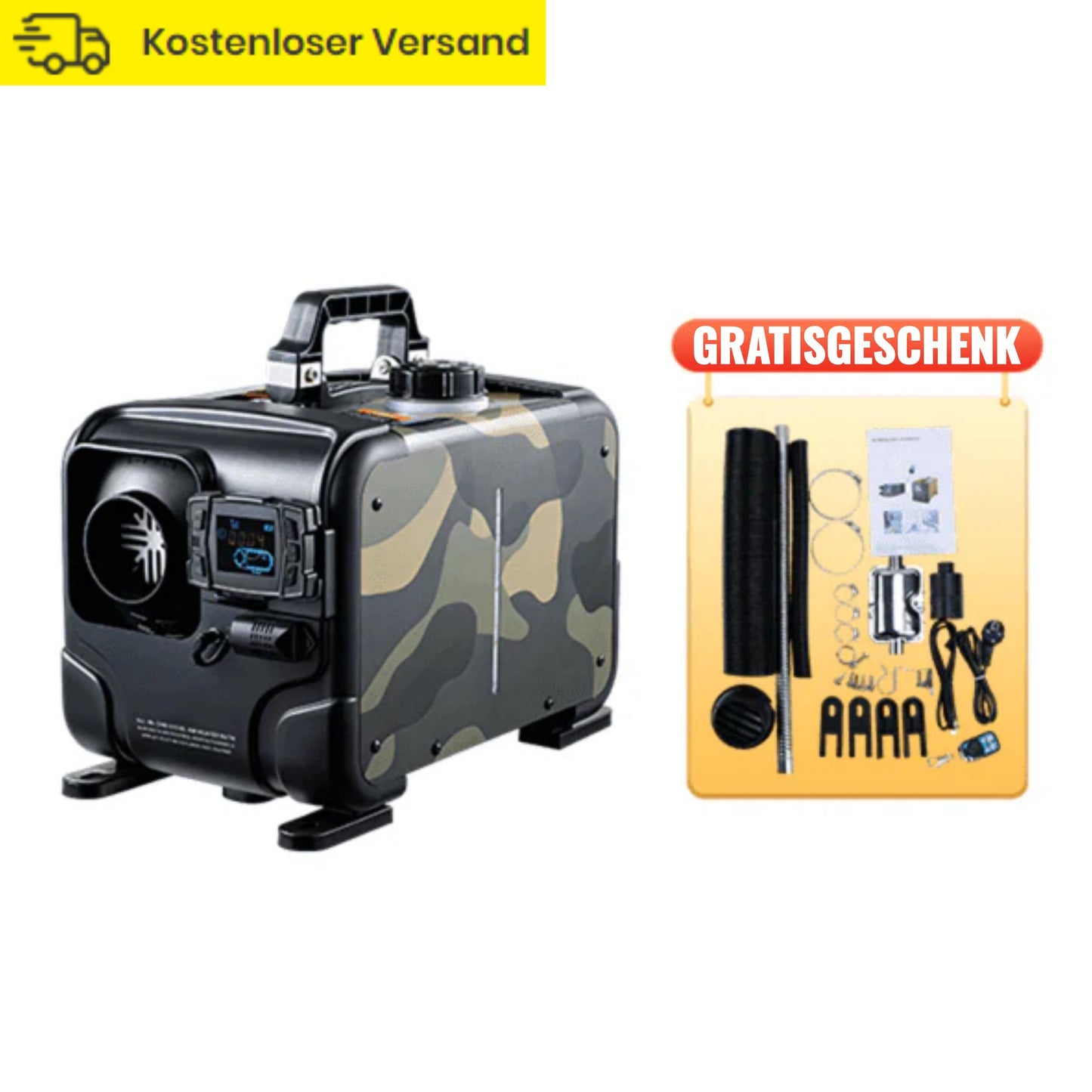 🔈🔈60 % RABATT!!🌡️8 kW Dieselheizung, 12 V/24 V All-in-One Diesel-Luftheizung, Bluetooth-App-Steuerung, Fernbedienung und Display, CO-Alarm, Schnellheizung💨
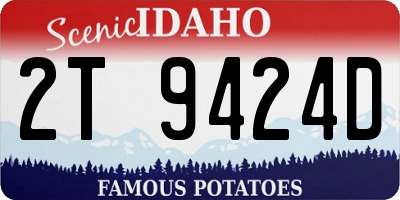 ID license plate 2T9424D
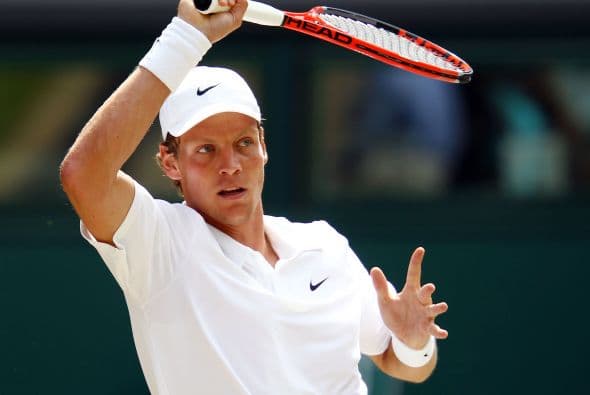 El checo Tomas Berdych, de 24 años, trataba de derrotar por primera vez en su carrera a Nadal.
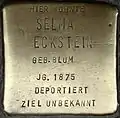 Stolperstein für Selma Eckstein (Kurfürstenstraße 18)
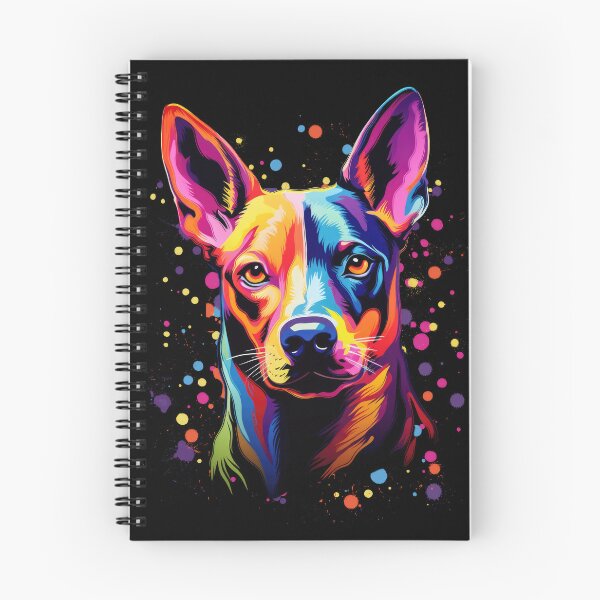 Item preview, colorful Basenji dog dog head designed and sold by WallyPink.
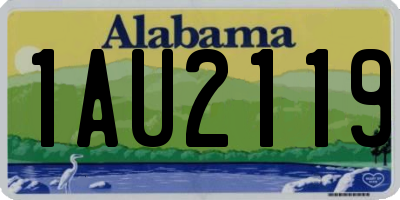 AL license plate 1AU2119
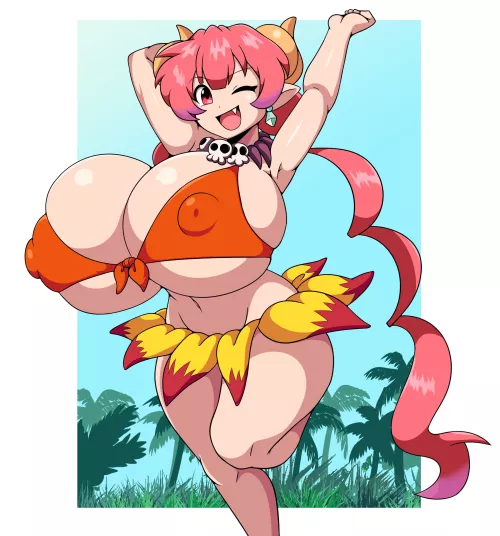 Ilulu in her bikni (IggyBomb)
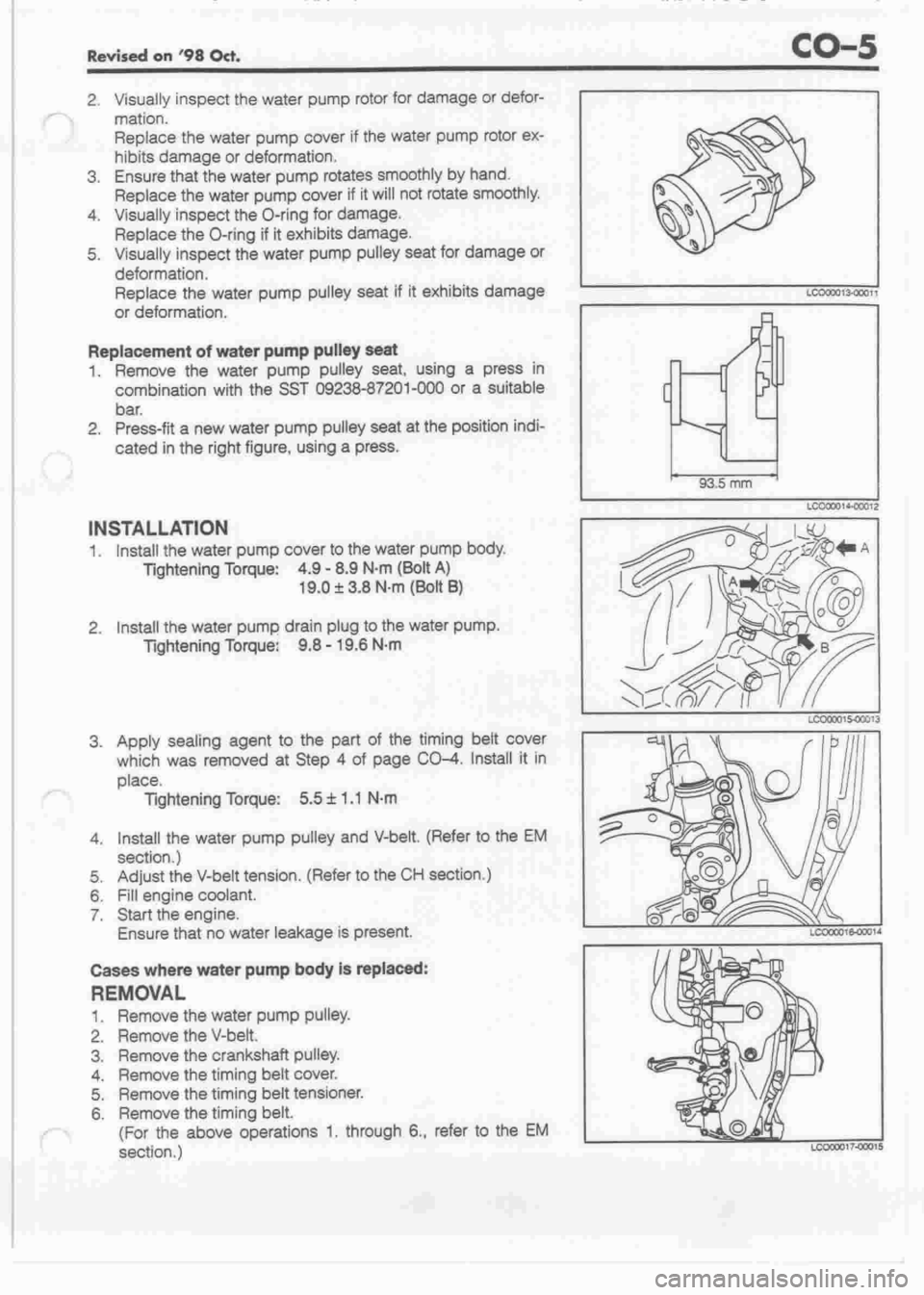 DAIHATSU CUORE 1998  Service Repair Manual 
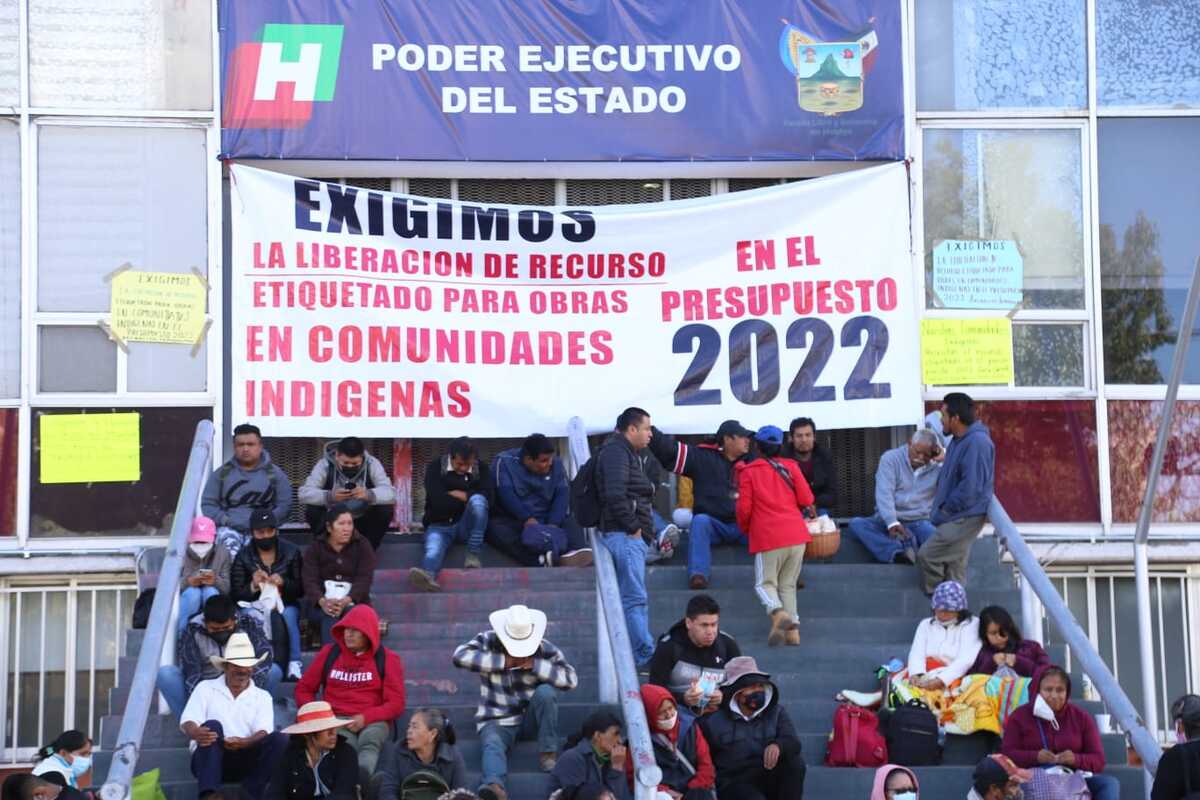 Protesta en el Palacio de Gobierno. (Jorge Sánchez)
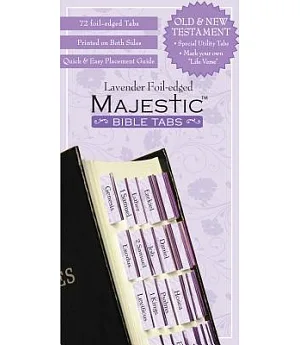 Majestic Bible Tabs, Lavender Foil-Edged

━━━━━━━━

__Work to complete__: Please retype exactly the lines from the one containing "Ilulu in her bikni (IggyBomb)" to the last line of the records above, both included, without any pictures.

__Expected answer__:
 Ilulu in her bikni (IggyBomb)
 DAIHATSU CUORE 1998  Service Repair Manual 
 Protesta en el Palacio de Gobierno. (Jorge Sánchez)
 Majestic Bible Tabs, Lavender Foil-Edged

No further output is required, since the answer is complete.